DATA FOR THIS TASK:
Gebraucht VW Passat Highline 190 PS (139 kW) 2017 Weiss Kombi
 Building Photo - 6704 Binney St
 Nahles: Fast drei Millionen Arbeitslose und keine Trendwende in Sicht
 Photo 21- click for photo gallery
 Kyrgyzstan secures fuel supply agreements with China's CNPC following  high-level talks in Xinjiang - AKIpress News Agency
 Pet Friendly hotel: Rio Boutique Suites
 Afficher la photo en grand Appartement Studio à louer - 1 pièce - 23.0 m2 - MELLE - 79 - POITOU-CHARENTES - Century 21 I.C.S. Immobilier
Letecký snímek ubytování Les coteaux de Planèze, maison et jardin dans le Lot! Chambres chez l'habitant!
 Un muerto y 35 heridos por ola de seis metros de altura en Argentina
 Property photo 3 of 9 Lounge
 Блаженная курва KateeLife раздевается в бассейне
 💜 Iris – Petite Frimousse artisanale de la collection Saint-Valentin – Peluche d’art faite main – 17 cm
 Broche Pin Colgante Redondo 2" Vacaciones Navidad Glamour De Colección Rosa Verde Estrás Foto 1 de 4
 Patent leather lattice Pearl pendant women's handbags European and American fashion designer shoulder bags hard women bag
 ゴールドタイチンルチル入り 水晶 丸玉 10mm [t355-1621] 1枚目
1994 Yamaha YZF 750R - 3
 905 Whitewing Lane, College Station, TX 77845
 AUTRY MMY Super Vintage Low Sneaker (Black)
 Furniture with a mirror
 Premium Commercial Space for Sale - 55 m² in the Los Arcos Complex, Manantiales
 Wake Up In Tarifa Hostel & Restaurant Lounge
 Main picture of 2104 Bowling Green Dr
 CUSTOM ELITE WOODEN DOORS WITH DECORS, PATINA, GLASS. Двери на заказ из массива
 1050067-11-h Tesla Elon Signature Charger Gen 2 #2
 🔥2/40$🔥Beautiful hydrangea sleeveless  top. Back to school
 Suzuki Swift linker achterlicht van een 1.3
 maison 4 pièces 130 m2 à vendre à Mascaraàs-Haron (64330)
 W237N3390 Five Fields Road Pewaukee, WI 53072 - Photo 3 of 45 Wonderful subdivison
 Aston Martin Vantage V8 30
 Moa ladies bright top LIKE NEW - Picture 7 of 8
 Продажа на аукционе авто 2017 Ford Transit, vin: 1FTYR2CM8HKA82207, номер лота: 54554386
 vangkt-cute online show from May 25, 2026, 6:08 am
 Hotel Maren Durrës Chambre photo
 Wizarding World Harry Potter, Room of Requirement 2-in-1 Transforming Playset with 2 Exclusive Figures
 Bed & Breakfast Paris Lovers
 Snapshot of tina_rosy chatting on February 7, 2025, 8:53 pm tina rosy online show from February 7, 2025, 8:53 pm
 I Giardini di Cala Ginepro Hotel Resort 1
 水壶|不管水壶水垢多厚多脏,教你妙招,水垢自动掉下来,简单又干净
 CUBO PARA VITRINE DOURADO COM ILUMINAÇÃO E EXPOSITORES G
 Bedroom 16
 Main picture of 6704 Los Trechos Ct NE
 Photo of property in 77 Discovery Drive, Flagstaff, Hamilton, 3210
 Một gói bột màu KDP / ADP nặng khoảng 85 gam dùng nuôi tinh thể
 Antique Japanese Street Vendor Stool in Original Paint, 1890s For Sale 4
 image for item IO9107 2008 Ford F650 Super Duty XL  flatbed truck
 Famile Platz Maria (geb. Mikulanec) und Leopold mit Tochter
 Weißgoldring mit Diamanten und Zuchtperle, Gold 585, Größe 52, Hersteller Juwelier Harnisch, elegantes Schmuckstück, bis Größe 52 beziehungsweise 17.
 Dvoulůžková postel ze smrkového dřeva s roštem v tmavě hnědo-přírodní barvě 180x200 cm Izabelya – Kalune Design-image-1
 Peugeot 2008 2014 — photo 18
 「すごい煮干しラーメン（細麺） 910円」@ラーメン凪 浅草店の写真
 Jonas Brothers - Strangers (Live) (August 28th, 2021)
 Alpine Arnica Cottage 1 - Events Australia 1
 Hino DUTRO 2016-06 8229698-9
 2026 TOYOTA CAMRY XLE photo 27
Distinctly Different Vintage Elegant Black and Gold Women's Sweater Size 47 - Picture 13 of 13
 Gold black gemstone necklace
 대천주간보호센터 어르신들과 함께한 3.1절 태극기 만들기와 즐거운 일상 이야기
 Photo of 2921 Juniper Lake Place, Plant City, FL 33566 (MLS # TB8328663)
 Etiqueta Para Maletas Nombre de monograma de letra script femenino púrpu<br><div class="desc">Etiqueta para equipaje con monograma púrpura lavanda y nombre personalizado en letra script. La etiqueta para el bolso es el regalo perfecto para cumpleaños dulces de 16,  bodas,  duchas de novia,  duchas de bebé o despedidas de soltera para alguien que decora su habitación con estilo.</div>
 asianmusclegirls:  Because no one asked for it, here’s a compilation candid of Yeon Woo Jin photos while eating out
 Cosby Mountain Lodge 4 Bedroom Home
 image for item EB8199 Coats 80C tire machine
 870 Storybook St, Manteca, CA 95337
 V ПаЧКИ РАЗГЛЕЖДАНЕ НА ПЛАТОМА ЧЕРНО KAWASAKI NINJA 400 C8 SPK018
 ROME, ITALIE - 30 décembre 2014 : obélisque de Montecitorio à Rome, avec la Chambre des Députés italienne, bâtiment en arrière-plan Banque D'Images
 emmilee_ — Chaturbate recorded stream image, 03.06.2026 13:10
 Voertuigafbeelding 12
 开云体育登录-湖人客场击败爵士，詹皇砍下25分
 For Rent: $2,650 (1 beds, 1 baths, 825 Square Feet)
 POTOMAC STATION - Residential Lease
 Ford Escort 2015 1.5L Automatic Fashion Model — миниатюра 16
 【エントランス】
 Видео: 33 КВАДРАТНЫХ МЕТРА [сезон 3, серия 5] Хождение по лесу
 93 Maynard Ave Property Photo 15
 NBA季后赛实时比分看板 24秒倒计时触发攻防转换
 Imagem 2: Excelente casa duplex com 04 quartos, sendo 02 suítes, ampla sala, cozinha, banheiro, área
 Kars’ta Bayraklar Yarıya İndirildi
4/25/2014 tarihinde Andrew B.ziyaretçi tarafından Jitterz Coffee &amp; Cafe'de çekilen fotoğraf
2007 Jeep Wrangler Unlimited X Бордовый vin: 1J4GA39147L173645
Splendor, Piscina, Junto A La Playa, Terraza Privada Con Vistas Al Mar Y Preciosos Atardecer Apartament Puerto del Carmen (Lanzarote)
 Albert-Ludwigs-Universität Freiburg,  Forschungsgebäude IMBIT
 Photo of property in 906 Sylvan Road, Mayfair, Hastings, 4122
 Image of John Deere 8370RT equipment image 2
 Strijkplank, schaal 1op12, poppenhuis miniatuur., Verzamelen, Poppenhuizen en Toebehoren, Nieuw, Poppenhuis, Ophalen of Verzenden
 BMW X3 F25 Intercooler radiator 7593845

HOW TO COMPLETE THIS TASK:
Copy the lines above exactly. Start with the line containing "Un muerto y", end with the line containing "Wake Up In Tarifa Hostel & Restaurant Lounge", and include both.

YOUR RESPONSE:
 Un muerto y 35 heridos por ola de seis metros de altura en Argentina
 Property photo 3 of 9 Lounge
 Блаженная курва KateeLife раздевается в бассейне
 💜 Iris – Petite Frimousse artisanale de la collection Saint-Valentin – Peluche d’art faite main – 17 cm
 Broche Pin Colgante Redondo 2" Vacaciones Navidad Glamour De Colección Rosa Verde Estrás Foto 1 de 4
 Patent leather lattice Pearl pendant women's handbags European and American fashion designer shoulder bags hard women bag
 ゴールドタイチンルチル入り 水晶 丸玉 10mm [t355-1621] 1枚目
1994 Yamaha YZF 750R - 3
 905 Whitewing Lane, College Station, TX 77845
 AUTRY MMY Super Vintage Low Sneaker (Black)
 Furniture with a mirror
 Premium Commercial Space for Sale - 55 m² in the Los Arcos Complex, Manantiales
 Wake Up In Tarifa Hostel & Restaurant Lounge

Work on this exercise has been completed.